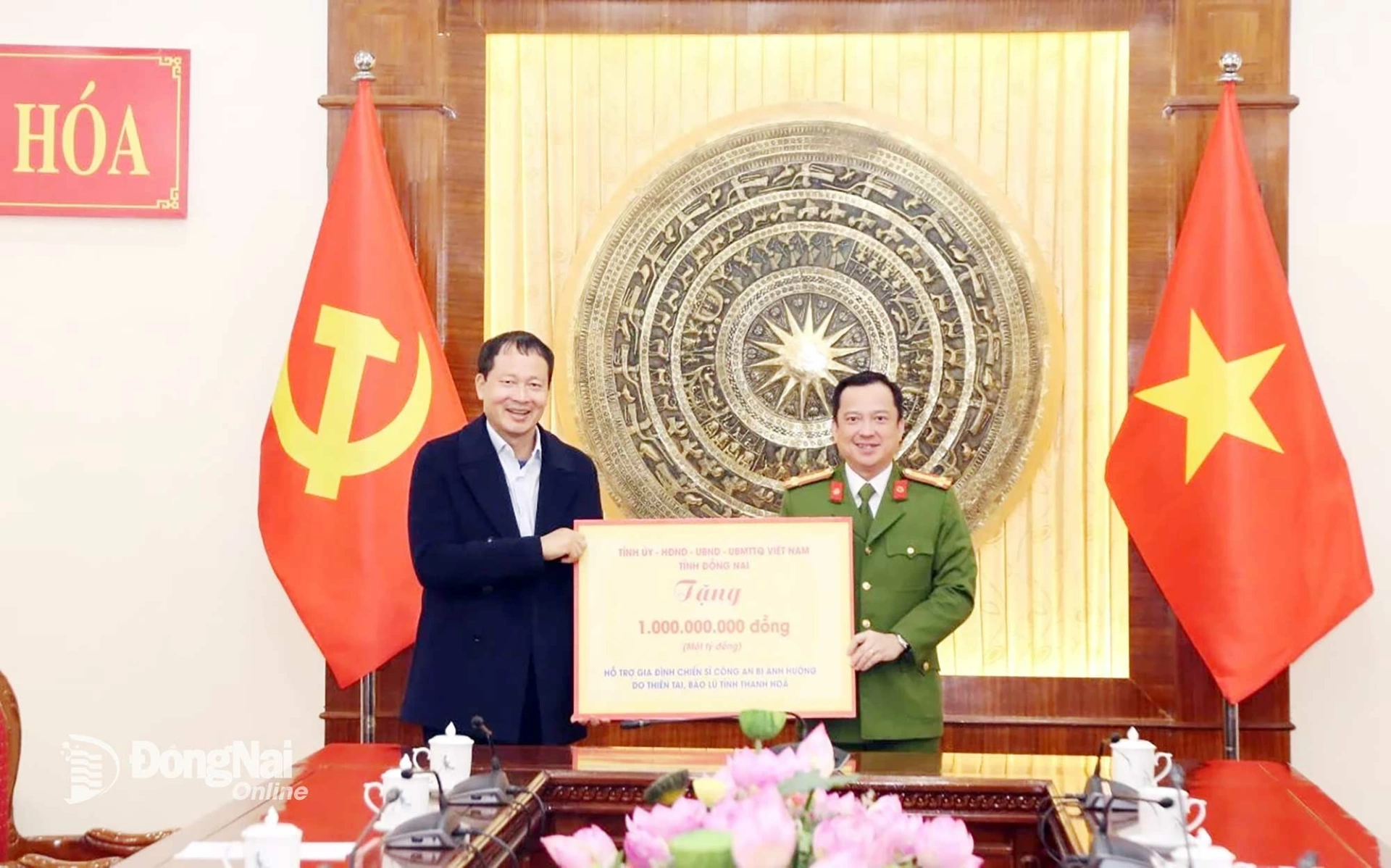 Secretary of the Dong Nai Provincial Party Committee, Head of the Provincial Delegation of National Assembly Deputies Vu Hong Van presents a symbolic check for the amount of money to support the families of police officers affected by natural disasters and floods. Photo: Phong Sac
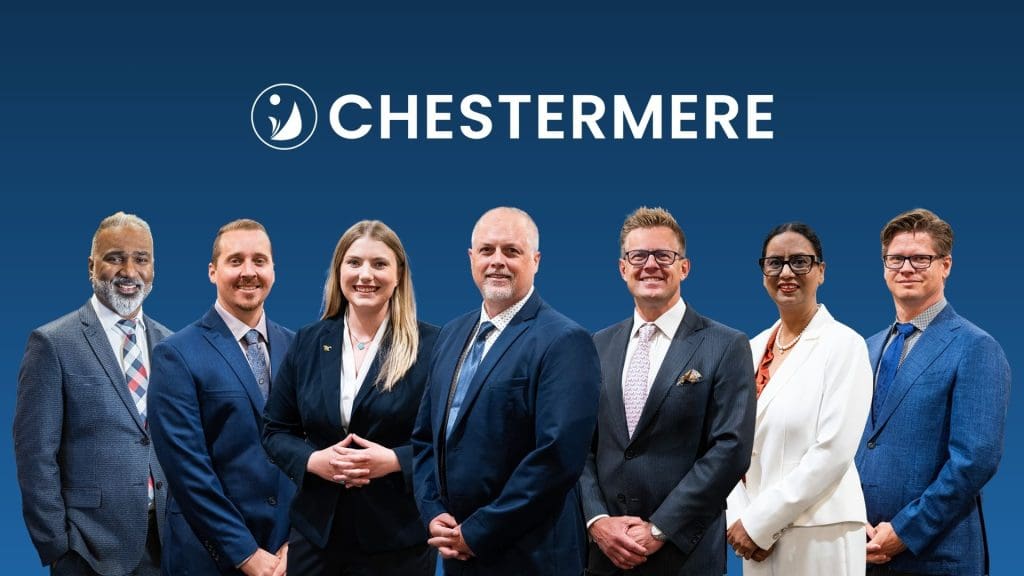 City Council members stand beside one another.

━━━

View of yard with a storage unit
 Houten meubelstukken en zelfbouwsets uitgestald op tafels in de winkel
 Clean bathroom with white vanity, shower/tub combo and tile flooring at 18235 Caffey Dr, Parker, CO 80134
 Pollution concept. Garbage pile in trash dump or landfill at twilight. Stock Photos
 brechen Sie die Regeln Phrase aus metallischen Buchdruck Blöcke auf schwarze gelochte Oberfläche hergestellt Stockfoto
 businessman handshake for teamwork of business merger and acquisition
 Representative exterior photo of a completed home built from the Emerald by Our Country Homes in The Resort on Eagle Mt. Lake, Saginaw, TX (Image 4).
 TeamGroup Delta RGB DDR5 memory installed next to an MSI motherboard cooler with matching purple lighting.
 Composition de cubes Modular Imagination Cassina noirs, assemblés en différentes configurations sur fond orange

━━━

WORK TO COMPLETE :: From the data above, output only the lines between the line containing "TeamGroup Delta RGB" and the line containing "Composition de cubes", inclusive, exactly as written.

REPLY ::
 TeamGroup Delta RGB DDR5 memory installed next to an MSI motherboard cooler with matching purple lighting.
 Composition de cubes Modular Imagination Cassina noirs, assemblés en différentes configurations sur fond orange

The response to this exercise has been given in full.